For this exercise, write out only the lines of the entries below from the one with "Our MEC 423" up to and including the one with "Very rich and", exactly as they are. Pictures stay out.
### SUPPLIED MATERIAL
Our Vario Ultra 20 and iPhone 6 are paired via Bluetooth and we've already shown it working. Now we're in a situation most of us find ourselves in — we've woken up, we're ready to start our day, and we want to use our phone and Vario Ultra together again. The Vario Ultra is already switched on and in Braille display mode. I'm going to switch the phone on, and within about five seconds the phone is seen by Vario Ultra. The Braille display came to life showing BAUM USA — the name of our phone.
######
### SUPPLIED MATERIAL
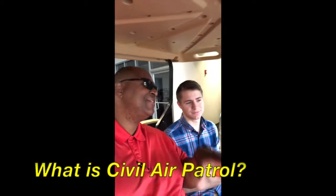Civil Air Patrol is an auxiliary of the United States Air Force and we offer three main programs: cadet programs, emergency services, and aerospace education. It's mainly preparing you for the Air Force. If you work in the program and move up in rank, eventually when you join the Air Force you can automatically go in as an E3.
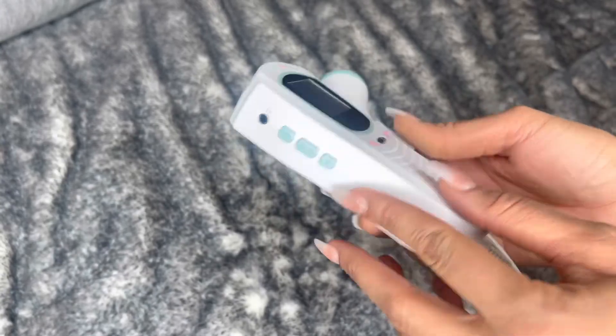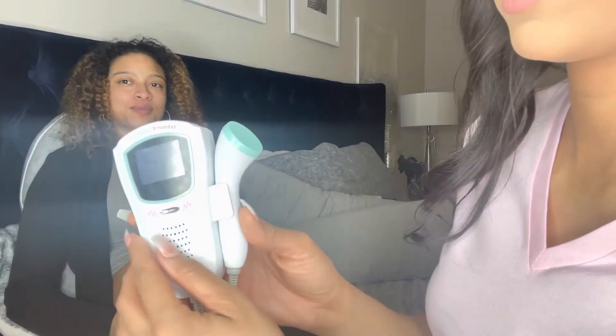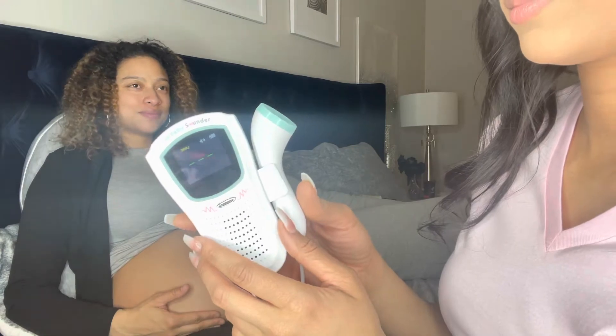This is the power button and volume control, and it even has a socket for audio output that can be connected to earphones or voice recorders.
######
### SUPPLIED MATERIAL
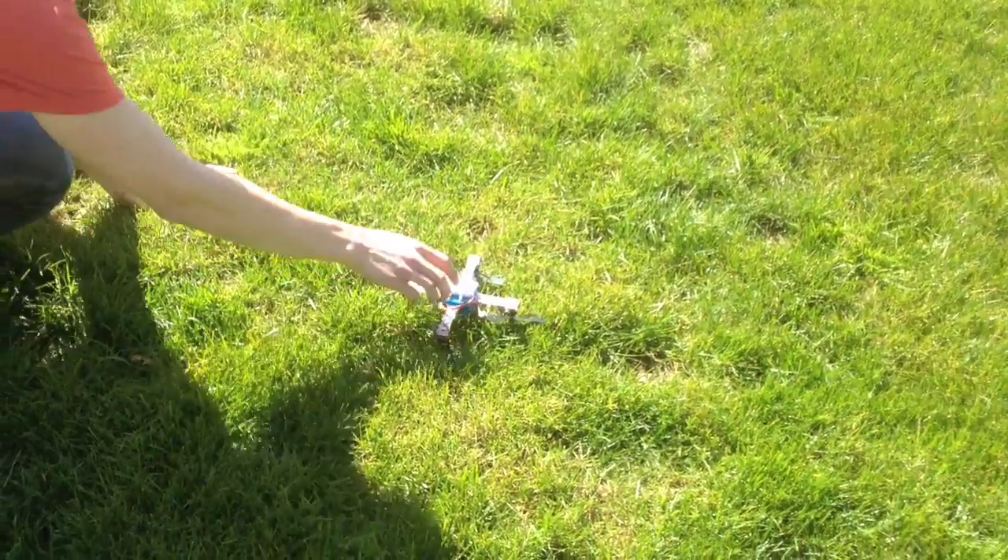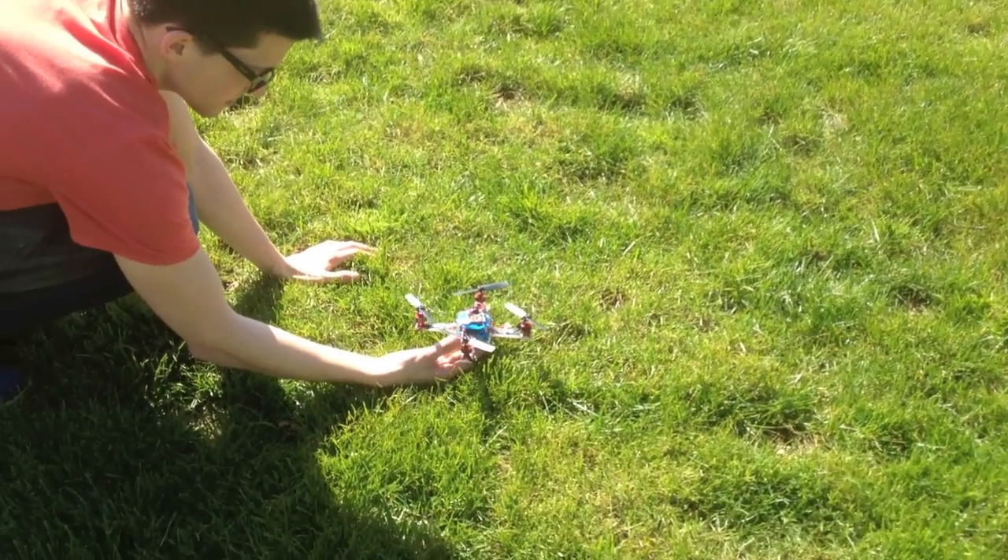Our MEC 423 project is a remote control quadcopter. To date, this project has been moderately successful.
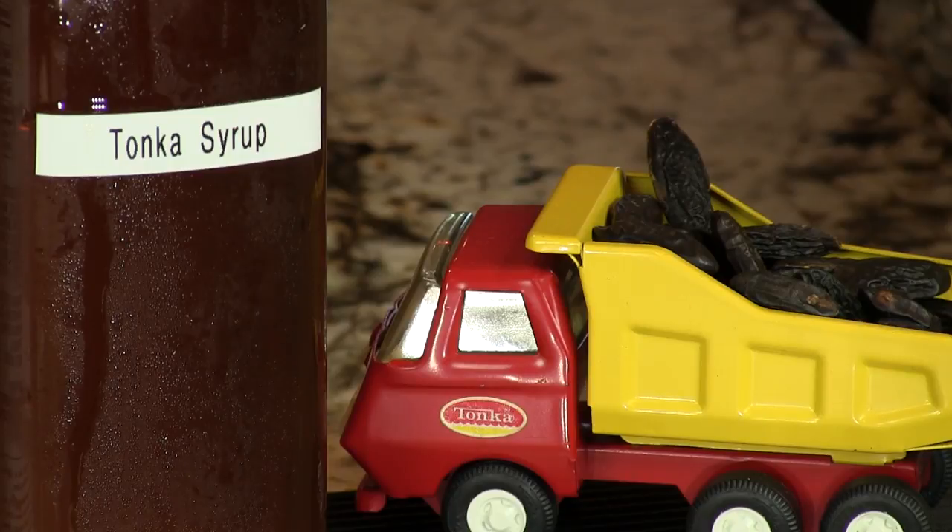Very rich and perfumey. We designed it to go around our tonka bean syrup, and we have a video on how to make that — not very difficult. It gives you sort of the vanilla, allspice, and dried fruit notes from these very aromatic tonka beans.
######
ANSWER BOX
Our MEC 423 project is a remote control quadcopter. To date, this project has been moderately successful.
Very rich and perfumey. We designed it to go around our tonka bean syrup, and we have a video on how to make that — not very difficult. It gives you sort of the vanilla, allspice, and dried fruit notes from these very aromatic tonka beans.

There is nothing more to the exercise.